Them and Us – the power of prejudice.

Nov 07

Pope Benedict XVI said: ‘Peace begins with a look of respect that recognises in another man’s face a person, regardless of the colour of his skin, nationality, language or religion.’’ That is the kind of unity that I think we should be aiming for, and we need to start with ourselves.

I want to begin with discussing the concept of solidarity with those we identify with and how it leads to prejudices against those who we don’t. And then look at prejudices of other people – and prejudices held by ourselves. Look at tell-tale signs – could I be prejudiced? Could you be?  What does Islam teach us about prejudice? Is it such a bad thing to be prejudiced? And- because I personally always want to leave a talk with some action steps for changing some aspect of my life or for thinking about things differently- I want to look at how can we stop being prejudiced?

 (1)  Solidarity can lead to prejudice

`Asabiyya (Arabic: عصبية, ʻaṣabīya) is used by Ibn Khaldun to refer to social solidarity with an emphasis on unity, group consciousness and sense of shared purpose.

So with the concept of Asabiyya, the emphasis is on unity – but the question is who are we feeling unity with? Is it unity with just our immediate family, unity with those from our country, maybe unity with those who speak like us in the same accent, or is it simply unity with people who are like us? Often in the masjid I hear appeals for unity with the Muslim community/ummah, although I am never sure exactly what that means – it is hard to get two people to be united on an issue, let alone over a billion. If we are united by the act of supplication or dua, of course this is immensely powerful. But if we are looking to be united as an ummah, it is all too easy to then extrapolate this to suggest we are united AGAINST another group or community. Too often this term Asabiyyah is a negative word, as it can suggest loyalty to one’s group regardless of circumstances.

That loyalty can then lead us to being prejudiced against those who are not in our group. Prejudice is an opinion, prejudgment, or attitude about a group or its individual members. Prejudice is often accompanied by fear, ignorance, or hatred.

Hadith: ‘’Whoever possesses in his heart ‘Asabiyyah (prejudice in any of its forms such as tribalism, racism, or nationalism) even to the extent of a mustard seed, God will raise him on the Day of Resurrection with the unbelieving Bedouins of the Pre-Islamic era.” – Prophet Muhammad (peace be upon him and his progeny)

 

(2)  Prejudices people hold

 a)    Other people have prejudices

About other groups of people –in a discussion on Rhino poaching earlier this week, a woman said directly to me:  ‘’the Chinese, they just aren’t normal’. Really?

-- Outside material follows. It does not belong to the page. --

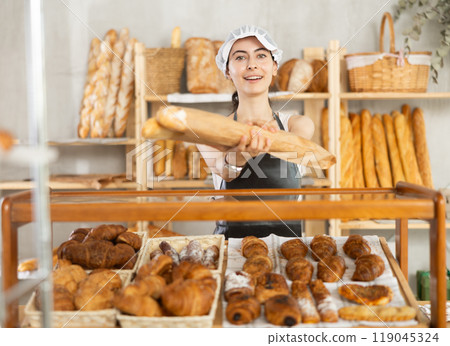 Young woman seller took fresh bagguetes of white flour out of window in bakery 119045324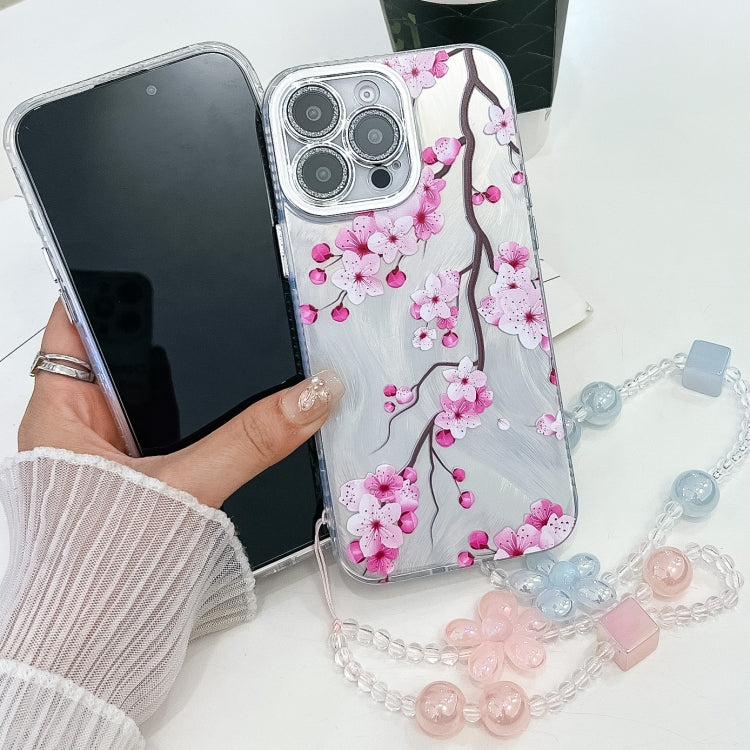 For iPhone 16e Electroplating Flowers Plants Texture Wristband TPU Phone Case(Sakura FL12) - iPhone 16e Cases by PMC TechLife | Online Shopping South Africa | PMC TechLife | Buy Now Pay Later Mobicred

A billion not normal? Whose normal would that be?

About their own group – a black person has told me not to trust black people (well everyone except them) – they are all criminals; an American went out of her way to make sure she made non-American friends as she couldn’t stand being with Americans. Maybe you relate?

About Muslims:  When I became Muslim in the UK, 20 years ago: the general preconception about Muslims in the UK was that men have lots of wives and oppress all of them. Now it has changed to: they’re trying to change our way of life.

I have a Muslim convert friend with an Arabic-speaking husband whose non-muslim mother was on an aeroplane. Despite having a son in law who can read and speak Arabic, she was so panicked by being seated next to a man reading an Arabic newspaper that she asked the steward to see if they can take him off the plane. She was dismayed to hear that he had as much right to remain on the plane as she did.

It has got to the point where Baroness Warsi, a Muslim in the British cabinet has warned: ‘In the factory, where they’ve just hired a Muslim worker, the boss says to his employees: “Not to worry, he’s only fairly Muslim”. ‘In the school, the kids say: “The family next door are Muslim but they’re not too bad”. And in the road, as a woman walks past wearing a burka, the passers-by think: “That woman’s either oppressed or is making a political statement”.’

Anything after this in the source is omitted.